Born in 1899 in Cottage Grove, Hemenway moved to Portland as a teenager and graduated from Washington High School. He attended the University of Oregon School of Architecture and Allied Arts, where his classmates included future architects Richard Sundeleaf and Glenn Stanton. Upon his graduation in 1922, he moved to Philadelphia, where he did post-graduate work at the University of Pennsylvania and briefly worked for the firm of Gilchrist and Yellin.
Hemenway returned to Portland in 1923, working with landscape architect George H. Otten before establishing his own practice. In 1926, he married Martha Huey Johnson, and the following year was his first as a licensed architect in Oregon.
Many architects working between World War I and World War II favored revival styles; and those who were academically trained, like Hemenway, were eager to demonstrate their ability to apply correct historic details to new buildings. Much of Hemenway’s work in the 1920s and 1930s was designing English Cottage and Tudor Revival homes. His designs showed a careful consideration of site, the integration of structure and landscape into the environment, and attention to detailed finishes. One of his most prominent designs during this period was a Tudor Revival residence for Roy and Leola Gangware at 4848 Southwest Humphrey Boulevard.

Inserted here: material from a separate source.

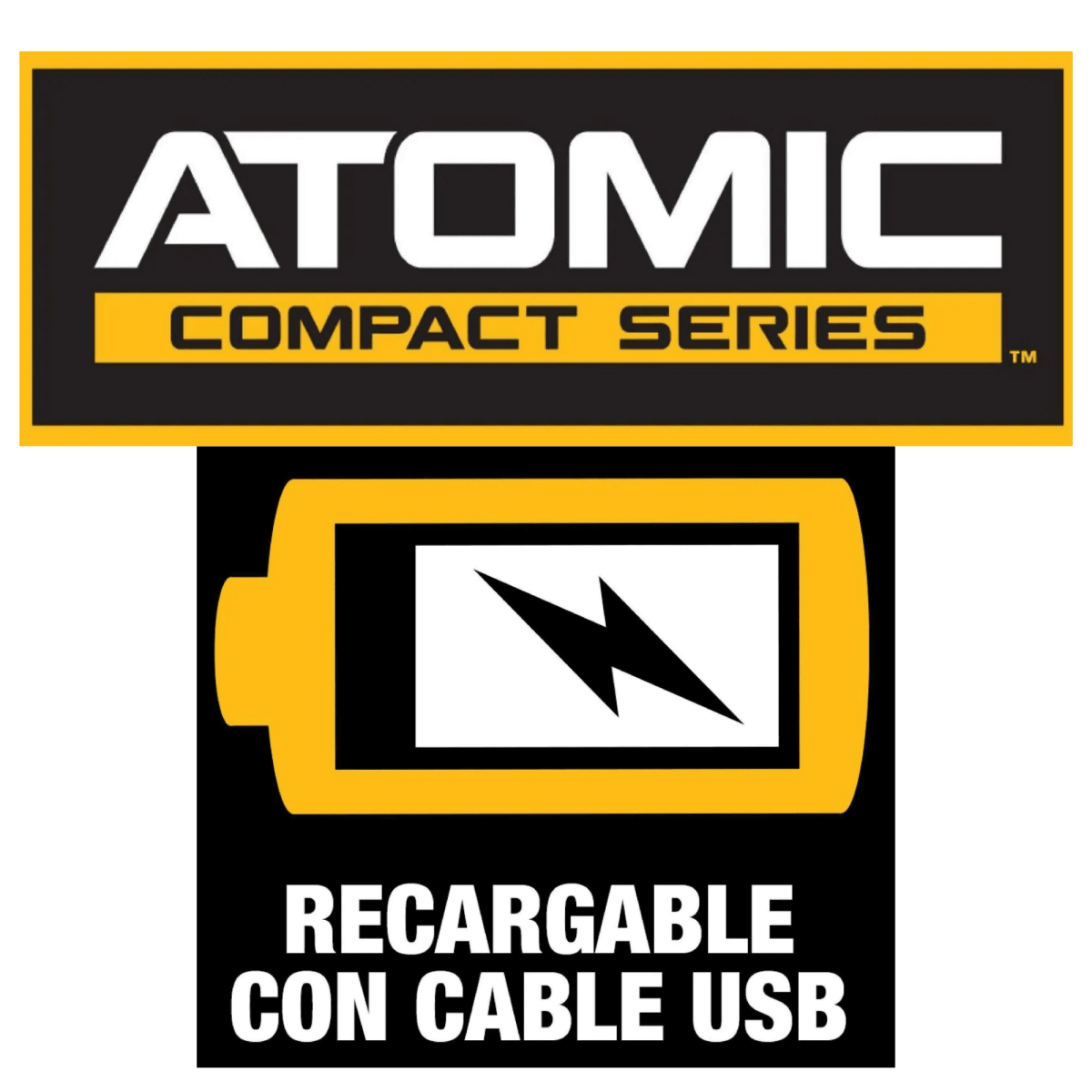Medidor de Distancia Laser 16 Metros  ATOMIC DW055PL Dewalt7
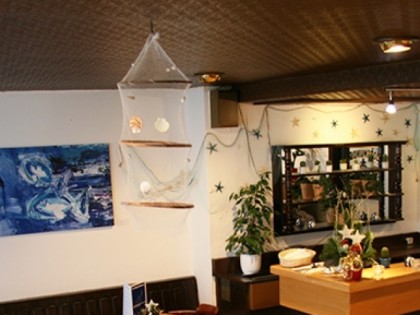照片:  im Heubruch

During the Great Depression, Hemenway joined a Historic American Buildings Survey field squad. Working with other architects, he surveyed structures across Oregon, with a focus on Classical Revival homes. In the late 1930s, his designs were featured frequently in local newspapers. Though he had been designing Colonial Revival residences from the earliest days of his career, his commissions in the 1940s and 1950s focused on that style. He became so associated with the style that, both during his lifetime and after, real estate listings advertised homes as “Hemenway colonials.”
Hemenway continued to design Colonial Revival houses long after his contemporaries began favoring more modern aesthetics such as Northwest Regionalism. He dabbled in the regional style as well as Modernistic architecture, but his clients continued to commission him to design Colonial Revival homes in exclusive neighborhoods in Portland. Perhaps the best-known concentration of Hemenway Colonials is in the Dunthorpe neighborhood, where he designed more than a dozen homes in the 1940s and 1950s, many constructed by builder W.C. Bauman. It was during this period that he produced what many consider to be his finest work, a 1950 residence for investor and civic leader Theodore B. Wilcox, Jr., at 2728 Southwest Greenway.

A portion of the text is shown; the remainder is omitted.